Some American students may have thought twice about travel and study in the Middle East or North Africa when the Arab Spring began sweeping across the region in 2011. One year later, enrollments in AMIDEAST’s study abroad programs are up across the board, especially in Egypt, Jordan, and Morocco, as young Americans seek out in-region opportunities to hone Arabic language skills and improve their understanding of the region’s dynamics.
AMIDEAST’s Education Abroad summer and semester programs, which offer undergraduates credit for Arabic language study and coursework in area studies, attracted 26 students for its intensive Arabic program this summer in Morocco, while applications for its Arabic program in Jordan had to be cut off after reaching the maximum capacity of 70 accepted students. Enrollments in programs in both Morocco and Jordan are strong as the fall semester gets underway.
The uptick in interest is additionally evident in Egypt, where 14 American undergraduate students returned for spring semester, marking a resumption of the program that was suspended and its students evacuated from Cairo within days of the January 25th Revolution. And the interest continues. An Arabic language and service learning program was offered this summer, and enrollment in fall is exceeding the spring term.
That’s not the only good news. AMIDEAST was pleased to reach an agreement in principle with the Associated Colleges of the Midwest (ACM) in May. Under it, students from ACM colleges will be eligible for a new joint program planned for Jordan beginning in fall 2013.
Besides AMIDEAST Education Abroad programs, which are offered on an open-enrollment basis, AMIDEAST has for many years designed and implemented customized programs in coordination with a variety of sponsoring institutions. In Morocco alone, AMIDEAST/Rabat offered a dozen such programs this summer, enrolling some 160 students in all. Arabic language training was popular, accounting for 35 students in the U.S. Department of State-funded Critical Language Scholarships Program, and some 75 others from a variety of institutions including the Defense Language Institute, Marquette University, and the Universities of Iowa and Virginia.
AMIDEAST/Rabat also worked with several institutions to customize programs with a specific academic focus. This year it hosted students in a public health course from the University of Wisconsin/Milwaukee, as well as students from the Lauder Institute of the Wharton School at the University of Pennsylvania seeking to strengthen their Arabic and French proficiency and understanding of local business conditions in support of the dual focus of their joint MBA/master’s degree programs in area studies. It was also pleased to work with Penn State’s Engineering Leadership Development Program for the sixth consecutive year in support of a unique cross-cultural collaborative program focused on development of engineering solutions that meet local needs.

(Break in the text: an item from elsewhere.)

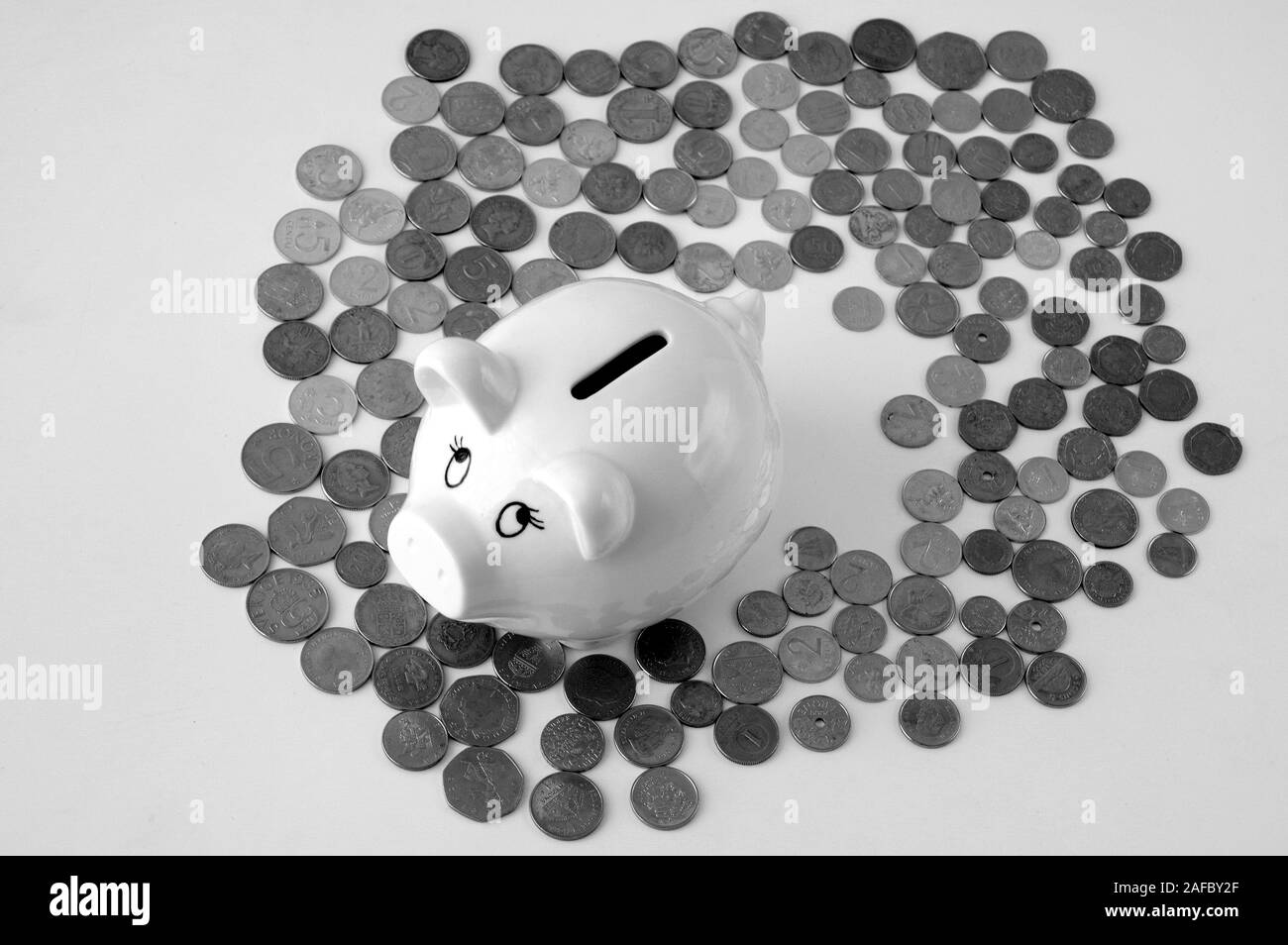 Piggy bank with stack of coin on white Stock Photo - Alamy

In addition to programs for college students, AMIDEAST helped implement programs in Oman, Morocco, and Jordan that expanded the horizons of nearly 75 high school students through cultural immersion, homestays, language study, and opportunities to explore special interests such as traditional Islamic arts and conflict resolution. They included 35 American teens who spent six weeks studying intensive Arabic (20 in Morocco and 15 in Oman) on scholarships awarded through the U.S. Department of State-funded National Security Language Initiative for Youth.
“Interest in studying Arabic continues to grow by leaps and bounds, as does a deeper interest in understanding Arab society and culture. The trend line began before 9/11 and has received another boost from the Arab Spring,” says Jerry Bookin-Weiner, AMIDEAST’s Director of Education Abroad. “We are delighted that so many students are able to have deep and meaningful experiences through our programs.”